Frank Auerbach inspirou-se em Constable para pintar uma vista urbana actual, Leon Kossoff expõe uma série de desenhos e gravuras «d'après» Rubens, Howard Hodgkin repetiu os Banhistas em Asnières de Seurat e David Hockney fez à maneira de Ingres uma série de 12 retratos de guardas da National Gallery, cada um deles desenhado a lápis e guache (para as fardas) numa única sessão de pose em que utilizou uma «camera lucida». Trata-se de um prisma de vidro fixado numa haste que permite ao artista ver ao mesmo tempo o rosto do modelo e o seu desenho, assegurando uma extrema precisão e semelhança dos traços físicos. Hockney tem vindo a experimentar o processo desde a recente exposição dos retratos de Ingres, ao mesmo tempo que tem defendido em artigos e conferências a tese de que os aparelhos ópticos foram usados regularmente pelos artistas, pelo menos desde Holbein e Durer.

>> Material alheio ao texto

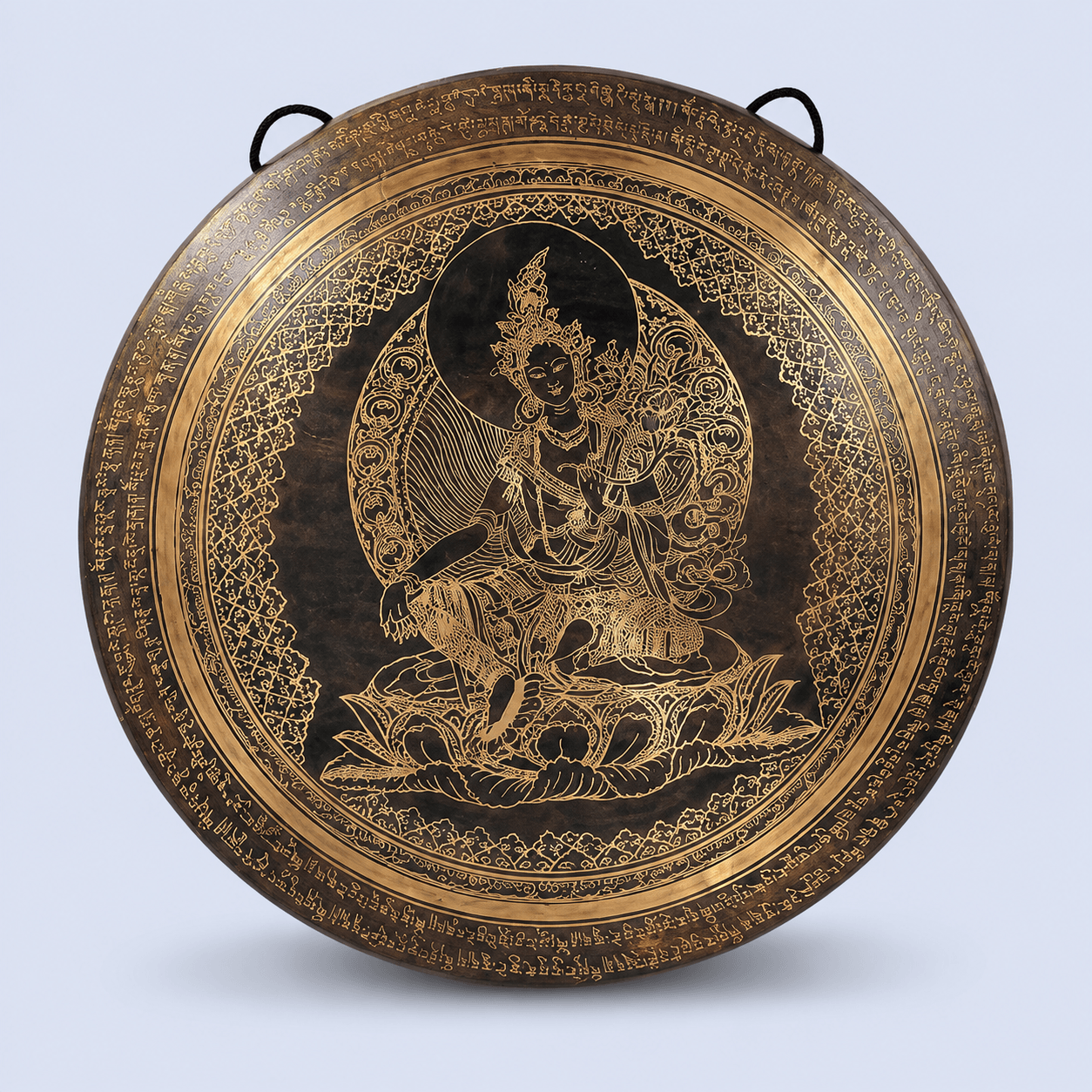 Handmade Tibetan Gong with Green Tara and Mantra – Authentic Nepal Sound Healing Gong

A «camera lucida» permite-lhe agora trabalhar rapidamente com modelos desconhecidos, quando antes apenas retratava pessoas que lhe eram próximas, e Hockney mergulhou numa nova fase de grande interesse pelo desenho e pelas experiências tecnológicas: a série exposta já foi retrabalhada numa montagem de ampliações parciais através de fotocópias e de impressões a «laser».
Entretanto, o menos conhecido Euan Uglow apresenta um nu pintado do natural numa pose de «atelier», embora tenha tomado por referência um jardim de Monet, e o norte-americano, R. B. Kitaj, que residiu até há poucos anos em Londres, escolheu a famosa Cadeira de Van Gogh como assento de um Bilionário que prolonga a sua galeria de retratos de tipos.
A lista continua com os nomes de Patrick Caulfield (inspirado numa pequena natureza-morta de Zurbaran), Richard Hamilton (Pieter Saenredan) e Christopher Le Brun (Rafael). Surgem também obras de escultura realizadas a partir de pinturas, nos casos de Anthony Caro (Duccio), de Stephen Cox (Piero della Francesca) e do poeta-escultor Ian Hamilton Finley (Claude Lorrain reduzido a palavras num painel de vidro). Diz-se que foram também convidados alguns dos famosos «Young British Artists», como Gary Hume e Damien Hirst, mas teriam recusado.
Balthus, já com 92 anos, prestou homenagem a Poussin, transformando uma odalisca numa ninfa pintada numa paisagem iluminada pela lua (Sonho de uma Noite de Verão), e a incontornável Louise Bourgeois dedica a Turner uma das suas «Celas». Outras presenças internacionais e famosas são as de Tàpies (Rembrandt), Jasper Johns (a Execução de Maximiliano, de Manet, reconstituída num fundo azul quase uniforme, atravessado pelo arco pendente de um fio), Cy Twombly (num vasto tríptico percorrido por vários estudos do «Temeraire» de Turner), Kiefer (Tintoretto, A Origem da Via Láctea transformado numa espécie de céu estrelado), Clemente (Ticiano), Claes Oldenbourg +Coosje van Bruggen (Vermeer), além dos já referidos Viola (Bosch) e Wall.
A mostra foi comissariada a partir de 1998 por Richard Morphet, ex-conservador da colecção de arte moderna da Tate Gallery, e o catálogo, substancial, inclui um estudo histórico de Robert Rosenblum sobre as revisitações da arte do passado e textos detalhados acerca de cada um dos artistas envolvidos no projecto.